Ainda assim, não foi essa a resposta que me causou maior perplexidade na entrevista. Foi esta: quando confrontado com os resultados da auditoria, Jaime Antunes afirma que ficou «confortável por saber que os dirigentes não prejudicaram o Benfica.» Um membro dos orgãos sociais do clube, e atual ou futuro administrador financeiro da SAD (?), olhou para um relatório que, perante 51 contratos intermediados por 76 agentes, identifica operações sistematicamente caracterizadas como opacas, que produziram comissões acima das praticadas pelo mercado, respeitantes à transação de atletas que, na sua esmagadora maioria, se traduziram em desempenho desportivo nulo ou inexistente, e daí inferiu que não só não existem motivos para preocupação, como até acrescenta «é preciso valorizar» os resultados impecáveis da auditoria no que diz respeito à atuação dos dirigentes. Em 2018, confrontado com a detenção de Paulo Gonçalves, presumido inocente à data, Jaime Antunes disse que “tudo o que seja envolver o Benfica em situações e atitudes menos corretas é mau e o Benfica tem que ser salvaguardado nestas situações”. Apetece perguntar: o que mudou entretanto para que Jaime Antunes seja hoje tão brando na avaliação de decisões que foram manifestamente ruinosas para o Benfica, e de cujos motivos podemos e devemos duvidar? Podemos tentar reduzir a perplexidade a uma minoria de sócios, mas assobiar para o lado nesta matéria é como tentar convencer o mundo de que o sol é verde. Até a era da pós-verdade tem os seus limites.

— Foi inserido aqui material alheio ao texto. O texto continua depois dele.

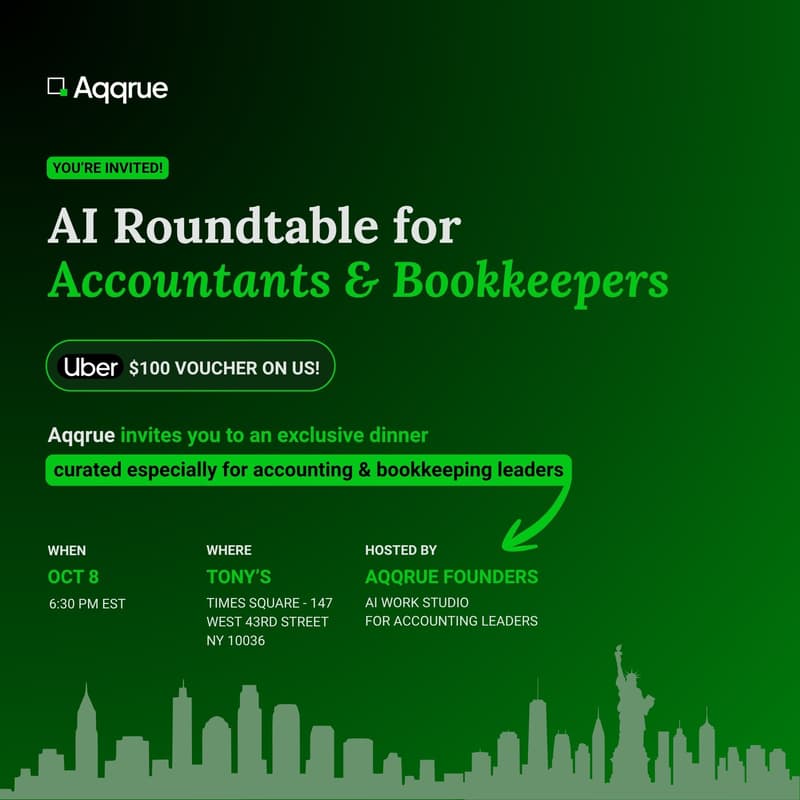 Cover Image for Dinner with Accountants & Bookkeepers: What’s working with AI?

Aqui reside o problema. Quem está no Benfica hoje vive convencido, por ação ou por omissão, de que tudo quanto serviu até agora para persuadir os Benfiquistas de que existe um rumo claro, uma forma correta e inatacável de fazer as coisas, continuará a ser suficiente. Quem não pensar assim representa, como explica Jaime Antunes, uma pequena minoria insatisfeita. Ignorando esse ruído, nada de mau há a apontar até aqui. A entrevista é, aliás, pródiga na comunicação dos múltiplos progressos imateriais do clube, sem no entanto reconhecer matérias em que se exija ao clube melhorias.  

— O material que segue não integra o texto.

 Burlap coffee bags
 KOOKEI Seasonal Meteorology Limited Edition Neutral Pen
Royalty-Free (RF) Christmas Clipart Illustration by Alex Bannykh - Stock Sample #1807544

Voltando ao início: não sei que ideologia hoje determina o destino do Benfica, na medida em que apenas posso inferir que ideologia será essa com base nas ações e nas palavras de quem lidera o clube. E não quero ser demasiado duro na avaliação. Direi assim: a existir um ideologia, não consigo ver nesta senão uma série de concessões aos princípios que deveriam orientar o Benfica de acordo com aquilo que, em muitos aspectos, já foi. Essas cedências são historicamente reconhecidas e produziram um efeito violentíssimo na identidade do clube. Não o sentimos na cultura vigente, que parece estar de pedra e cal, e em negação. Sentimo-lo num processo de sedimentação, mediático e alimentado coletivamente por amigos ou inimigos do Benfica, que vai fazendo com o clube se vá tornando, aos poucos, uma coisa diferente.

Os fenómenos de erosão tendem a produzir este tipo de ilusão. Quando está sol e a maré enche, parece tudo igual, tal como nos dias em que a bola entra. Depois vêm os invernos mais rigorosos. A areia é levada, as falésias sucumbem, o caminho à superfície torna-se rochoso e acidentado, até o que julgávamos enterrado reaparece, e o desenho do território muda para sempre. De pouco serviu assobiarmos para o lado quando o sol brilhava. Mas, um clube em que não existe reconhecimento da necessidade de fazer mais, melhor, e muito diferente daquilo que se fez até aqui, e que continua a ser sujeito a danos reputacionais quase semanais, continuará a ser um clube em erosão acelerada. A bola pode ir entrando, mas as balizas ficarão mais pequenas, a relva envenenada, e nem todas as cadeiras do estádio sobreviverão à intempérie. Lamentavelmente, quem está hoje no Benfica não parece querer saber.